Creating an $\epsilon$-NFA

  • Module NFA that exposes an interface fromRegex :: Regex -> NFA
  • An NFA is a graph with exactly one entry point, one accepting state and with labeled transitions:
      data NFA            = NFA State State NFATransitions
      type NFATransitions = DefaultMap State (DefaultMap Char [State])
    

    Note: a transition from a state to another via the same literal is allowed, hence a non-deterministic automaton.

  • The NFA is created via the Thompson-construction
  • The result is an $\epsilon$-NFA equivalent to the regular expression

Creating a DFA

  • A DFA has exactly one entry point, but a list of accepting states
      data DFA            = DFA State [State] DFATransitions
      type DFATransitions = DefaultMap State (Map Char State)
    

    Note: a transition from a state to another strictly by different literals.

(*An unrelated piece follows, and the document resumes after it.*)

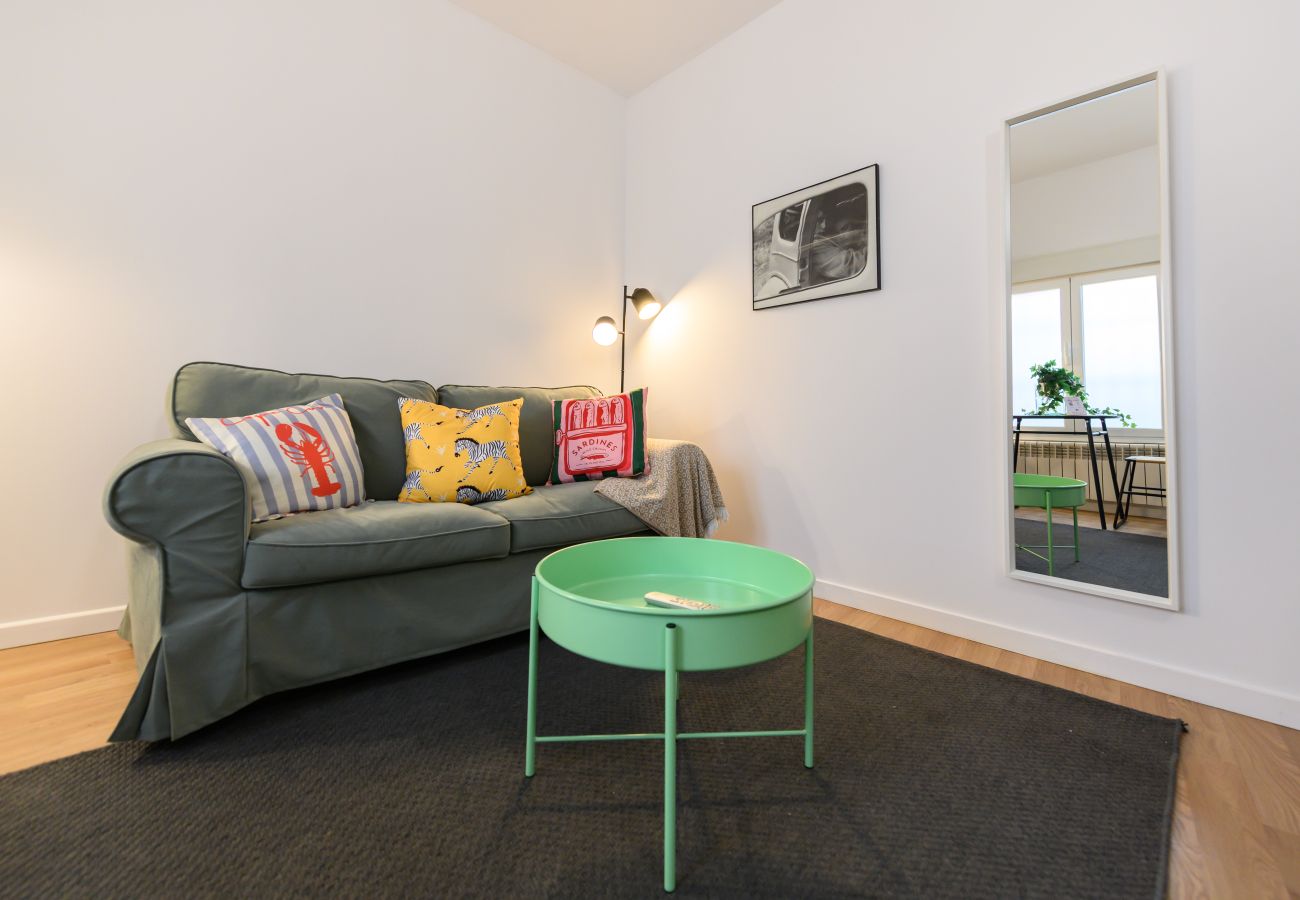 Appartement à Madrid - M (FOV160IIA) Piso de 1 dormitorio en Chamartín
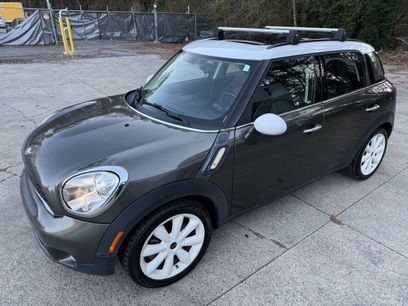 Used 2013 MINI Cooper Countryman S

  • The DFA module exposes an interface
      fromNFA :: NFA -> DFA
      fromNFA = flattenToDFA . fromNFAMulti
    
  • All the work is done via the powerset-construction in fromNFAMulti (with an intermediate DFA, PowerSetDFA)
    • A MultiState represents a set of states; this gets flattened to a regular DFA afterwards.

Evaluating a Regex

-- Top-level API
match :: RegPattern -> String -> Bool
match p s = case P.parseReg p of
    Just reg -> match1 reg s
    _        -> False

match1 :: P.Regex -> String -> Bool
match1 pattern input =
    let dfa = (DFA.fromNFA . NFA.fromRegex) pattern in 
        check dfa input

check :: DFA -> String -> Bool
check = ...

Evaluating a Regex

check :: DFA -> String -> Bool

  • It runs a simple traversal on the DFA, and checks whether it can read the entire sequence and finish in an accepting state.
  • We branch out whenever we encounter the . “wildcard” (we handle it explicitly!)
  • Bonus: checkWithTrace keeps track of a trace, step-by-step, given the route of the traversal.
      checkWithTrace :: DFA -> String -> (Bool, [(State, Bool)])
    
    • This will be useful in the future!